1. What is the carrying amount carrying of the bond investment on December 31, 2019?

2. What amount of gain from change in fair value should be reported for 2019?

3. What amount of interest income should be reported for 2019?

DERIVATIVES

1. On January 1, 2019, an entity borrowed P5,000,000 from a bank at a variable rate of interest for 2
years. Interest will be paid annually to the bank on December 31 and the principal is due on December
31, 2020.

Under the agreement, the market rate of interest every January 1 resets the variable rate for that
period and the amount of interest to be paid on December 31.

In conjunction with the loan, the entity entered into a “receive variable, pay fixed’ interest rate swap
agreement with another bank speculator as a cash flow hedge.

The market rates of interest are 10% on January 1, 2019 and 12% on January 1, 2020. The “underlying”
fixed interest rate is 10%. The PV of 1 at 10% for one period is 91 and the PV of 1 at 12% for one
period is 89.

1. What is the derivative asset or liability on December 31, 2019?


2. What amount should be reported as interest expense for 2019?
2. On January 1, 2019, an entity received a four-year P5,000,000 loan with interest payments occurring
at the end of each year and the principal to be repaid on December 31, 2022. The interest for 2019 is
the prevailing market rate of 10% on January 1, 2019, and the market interest rate every January 1
resets the variable rate of interest for that year.

The ‘underlying’ fixed interest rate is 10%. In conjunction with the loan, the entity entered into a
“receive variable, pay fixed” interest rate swap agreement as cash flow hedge.

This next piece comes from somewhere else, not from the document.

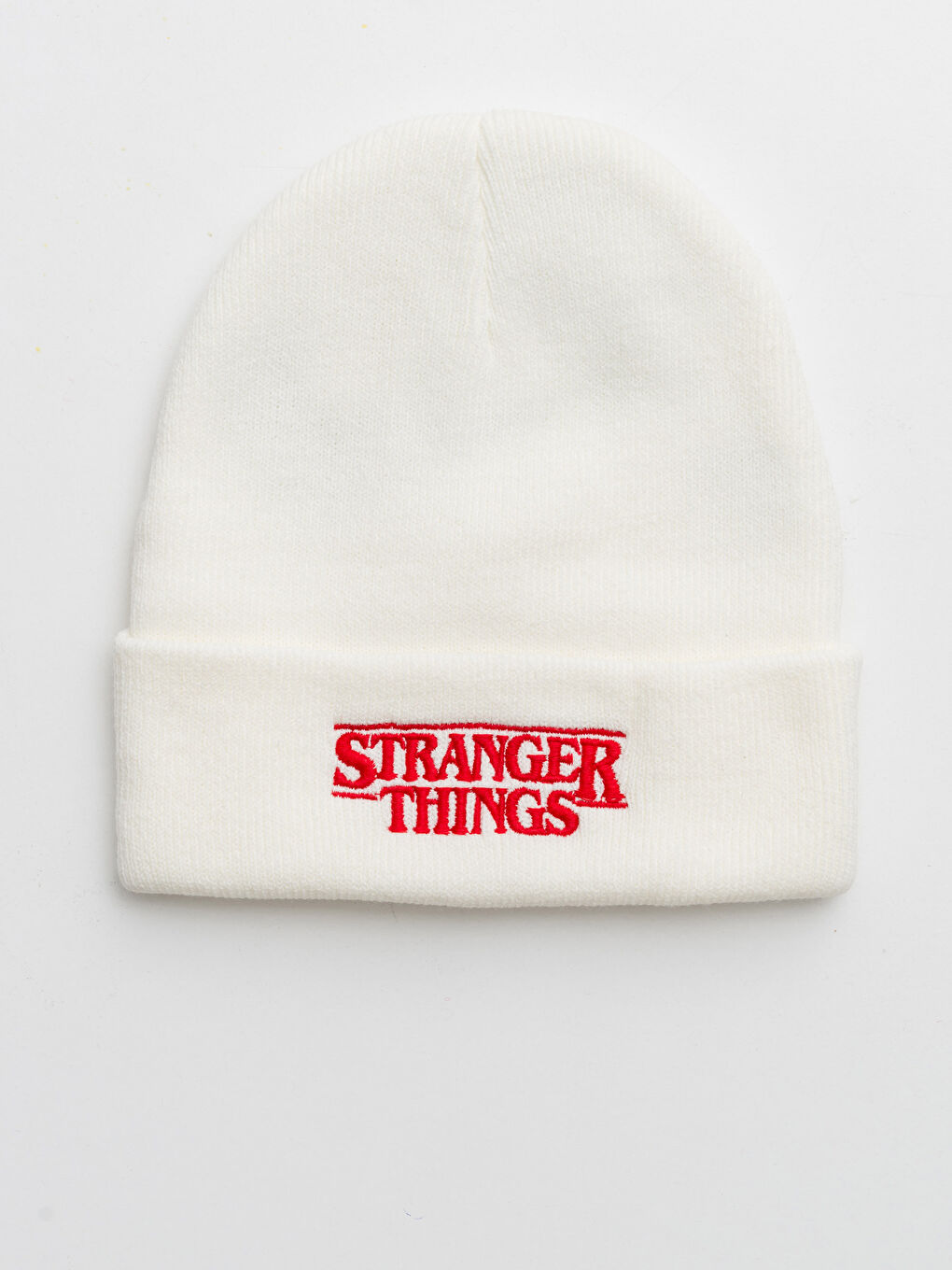 Ekru Stranger Things Lisanslı Triko Bere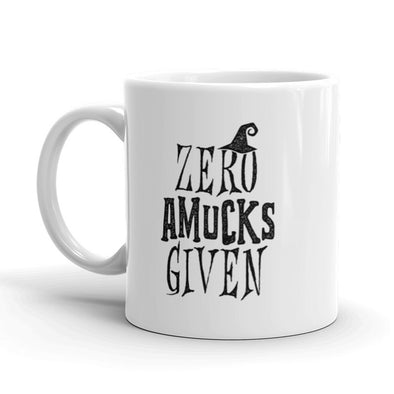 Zero Amucks Given Coffee Mug Funny Halloween Witch Ceramic Cup-11oz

The interest swap
payment will be made December 31 of each year.

The market rate of interest is 6% on January 1, 2020 and 8% on January 1, 2021. The PV of an ordinary
annuity of 1 at 6% three periods is 2.67 and the PV of an ordinary annuity of 1 at 8% for two periods is
1.78.

1. What is the derivative asset liability on December 31, 2019?


2. What is the derivative asset or liability on December 31, 2020?
3. What amount of interest expense should be reported for 2020?

INVESMENT PROPERTY AND OTHER INVESMENT

1. A parent and its subsidiaries provide the following properties owned by the group.
Land held for undetermined future use 1,000,000

Vacant building to be leased out under an operating lease 2,000,000


Property held for use in production 4,000,000

Property held by a subsidiary, a real estate firm, in the ordinary course of business 3,000,000
Building owned by subsidiary and the subsidiary provides security and
maintenance services to the lessees. 2,500.000
Land leased to a subsidiary under an operating lease 1,500,000

Equipment leased to an unrelated party under an operating lease 500,000


Building under construction for use as investment property 3,500,000

1. In the consolidate statement of financial position of the parent and its subsidiaries, what total
amount be reported as investment?
2. What total amount should be included in property, plant and equipment in the consolidate
statement of financial position and its subsidiaries?

2. An entity purchased an investment property on January 1, 2019 at a cost of P4, 000,000. The property
had a useful life of 20 years and on December 31, 2020 had a fair value of P4, 800,000.

On December 31, 2020 the property was sold for net proceeds of P4,5000,000. The entity used the cost model
to account for investment property. What is the gain to be recognized for 2020 regarding the disposal of the property?
3. On January 1, 2019, an entity acquired three investment properties.

Fair value Fair value

Initial cost December 31, 2019 December 31, 2020

Property 1 2,7000,000 3,200,000 4,000,000

Property 2 3,450,000 3,000,000 2,100,000

Property 3 3,3000,000 3,900,000 3,600,000

Each property had an estimated useful life of 10 years. The accounting policy is to use the fair value model for
investment property. What is the gain or loss to be recognized for the year ended December 31, 2020?